WHAT TO DO:
From the records below, copy out exactly the lines from the one containing "Luvable Friends Drooler" to the one containing "Polisher Zirconia Vlam", both included. Add nothing else.

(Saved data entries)
Start of Block

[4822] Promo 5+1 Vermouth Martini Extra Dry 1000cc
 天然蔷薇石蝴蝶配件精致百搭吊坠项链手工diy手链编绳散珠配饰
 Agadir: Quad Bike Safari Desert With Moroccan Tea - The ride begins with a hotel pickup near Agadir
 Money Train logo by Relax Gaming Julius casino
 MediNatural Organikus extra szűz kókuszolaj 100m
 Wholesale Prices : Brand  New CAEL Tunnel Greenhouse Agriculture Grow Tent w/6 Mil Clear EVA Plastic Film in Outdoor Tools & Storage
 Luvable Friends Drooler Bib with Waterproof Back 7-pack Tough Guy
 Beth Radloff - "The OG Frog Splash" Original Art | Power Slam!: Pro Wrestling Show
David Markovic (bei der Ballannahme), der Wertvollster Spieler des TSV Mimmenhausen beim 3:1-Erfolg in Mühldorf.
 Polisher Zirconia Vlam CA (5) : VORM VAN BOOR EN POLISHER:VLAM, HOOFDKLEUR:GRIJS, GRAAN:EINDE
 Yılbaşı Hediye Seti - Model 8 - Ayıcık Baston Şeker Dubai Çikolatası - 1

End of Block

TASK RESPONSE:
 Luvable Friends Drooler Bib with Waterproof Back 7-pack Tough Guy
 Beth Radloff - "The OG Frog Splash" Original Art | Power Slam!: Pro Wrestling Show
David Markovic (bei der Ballannahme), der Wertvollster Spieler des TSV Mimmenhausen beim 3:1-Erfolg in Mühldorf.
 Polisher Zirconia Vlam CA (5) : VORM VAN BOOR EN POLISHER:VLAM, HOOFDKLEUR:GRIJS, GRAAN:EINDE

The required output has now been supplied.